Out here in the wild west of cryptocurrency speculation, it’s difficult to assess which ICOs actually have the potential to create value, which will be the next Bitcoin, or which ones are simply an elaborate scam. In the infancy of the cryptocurrency craze, why are we so hot to seek out the next Bitcoin or declare the entire trend dead in the water. Patience is a virtue and that holds no more true than in the field of investment.
Should these news stories dissuade you from investing in an ICO? If you’re familiar with the eponymous Betteridge’s Law, then you know the answer. A better question would rather be: Do you feel lucky, punk?

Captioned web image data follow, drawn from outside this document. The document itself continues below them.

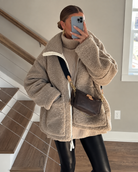 Damen Teddyjacke Warm Oversized Fleece Winterjacke - Image 2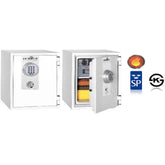 SHINJIN FIREPROOF SAFE MODEL GB-T455 Locking: Keylock + Electronic Lock Ext. Dim. (mm):H 455 x W 360x D 370mm, Weight: 45 Kg, Capacity: 19 L No Internal fitting Fire resistance: Tested by SP (Swedish National Testing and Research Institute) n accordance with NT Fire 017 and have two kinds of P marks, NT Fire 017 60min paper and NT Fire 017 90min paper. Also certified by KS. Warranty: 1 Year on-site against manufacturing defects Price inclusive of Delivery & Bolting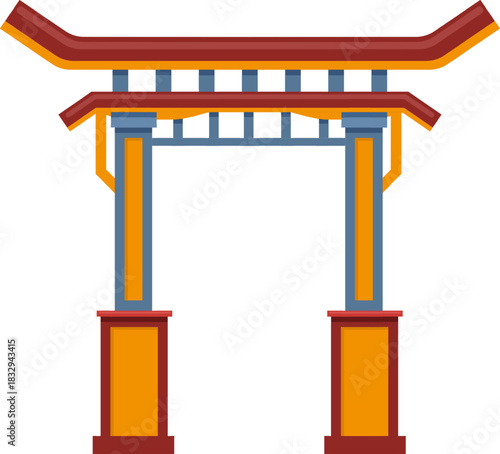 Traditional asian arch gate welcoming cultural entrance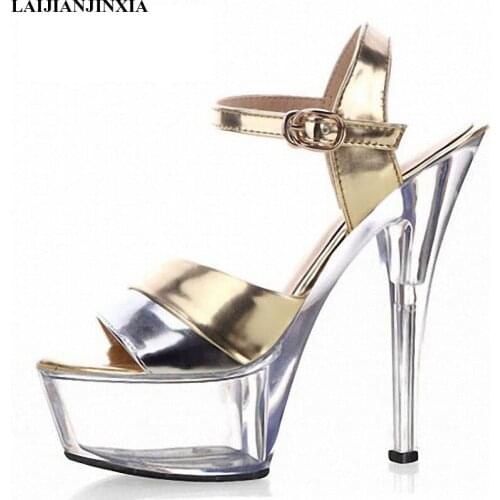 LAIJIANJINXIA NEW womens shoes fashion sexy gold/silver shoes star shoes 15cm ultra high heels crystal sandals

While ICOs are risky, there are plenty of advantages to investing in one. On the other hand, there’s also plenty of reasons why most speculators wait until the token hits market, if it ever does. So what is an ICO and which will one will better serve your wallet in the end? Let’s find out.
What is an ICO?
An ICO is somewhere in the middle between crowdfunding and an initial public offering (IPO). Unlike IPOs, ICOs are completely unregulated, leading to scams, but also higher speculation.

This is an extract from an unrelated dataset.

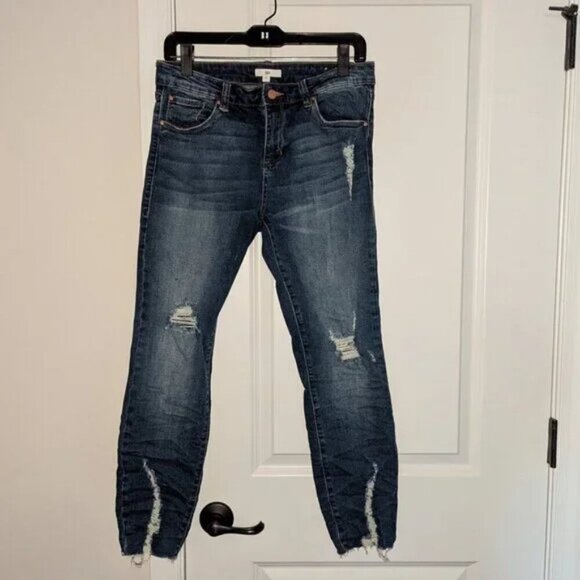 *3 FOR $9* BP. Ripped High Waist Stretchy Ankle Skinny Frayed Hem Jeans Pants 8 - Picture 1 of 2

Many businesses fund their business through the use of venture capitalists or angel investors in exchange for a share of equity in the company. IPOs offered the opportunity to fund your business, while not giving up a major stake in your company to a single person. ICOs, on the other hand, don’t relinquish any share in a company. This benefits businesses who keep the majority ownership of their business, but it’s a disadvantage to initial investors as business owners remain unaccountable to anybody but themselves.
Yet, an ICO is not considered crowdfunding though. So what do investors get in exchange for their investments? Tokens (i.e. cryptocurrency). Depending on the ICO, their funds may be locked into a contract for a few months.

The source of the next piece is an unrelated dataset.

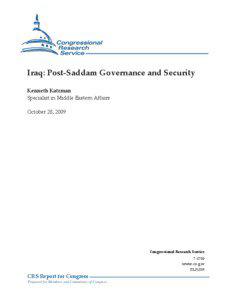 Iraq: Post-Saddam Governance and Security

Most ICOs are held over P2P networks, like Ethereum or Stellar, and created using a decentralized app (DAPP). You can’t buy into an ICO with fiat currency, as most require either ETH or BTC. Most of these networks offer smart contracts to accredit transactions without third party interference (e.g. regulation).
Most ICOs are based on funding for a project outlined in a whitepaper or developed as a prototype. The funding helps them to build out there networks and scale their blockchain technology.
Advantages of the ICO
- Fund projects that offer utility to businesses or consumers
- The potential to buy valuable tokens at dirt cheap prices
- The ability to exit before the ICO window is closed
- Create media exposure for the business and token
- Lack of barriers (e.g. paperwork and red tape for an IPO)
- Be a part of a community
The main incentive for investing in an ICO is the hope or knowledge that a token and the underlying business will rise in value once it hits market. It’s a lot like crowdfunding because your investments give a business the opportunity to fully execute a potentially disruptive or revolutionary product.
Some things to keep in mind before investing in an ICO include:
- Transaction fees (these can be arbitrarily set)
- Market Cap (the value of each token in supply added together)
- Service rendered- what value does it provide?
- Market demand- how much buzz surrounds the token and how many businesses are bound to use the product or platform?
- Market supply- what is the set supply of tokens?
- Will the token be available over open market?
These same considerations should be taken into all of your cryptocurrency investing decisions. The biggest factor to consider is whether you’ll be able to purchase a token after an ICO over an open exchange. Typically, tokens over the exchange will be a higher price, although it shields you from a potential scam.
Why Speculators Wait
If a token is available over an exchange, it’s a better idea for speculators to simply wait a few weeks and avoid the ICO altogether. Of course, this all comes down to personal preference and your skin in the blockchain community.
Once a token hits the open market it will initially be higher priced than its ICO offering. Many people suggest waiting a few weeks for a price drop to invest. There's no guarantee what exchange will be accept the token and one could end up on any exchange from Kraken to smaller exchanges like Ethbits.
The biggest reasons to wait after an ICO include:
- Risk aversion from ICO scams
- More time to assess market demand
- Grow the value of your ETH and BTC in the meantime
- Funds don’t get locked in time restricted contracts
Not all ICOs are created equal and the choice between investing in an ICO or not depends on your faith in the project and your cryptocurrency interests. Are you a financial backer or just a pure speculator?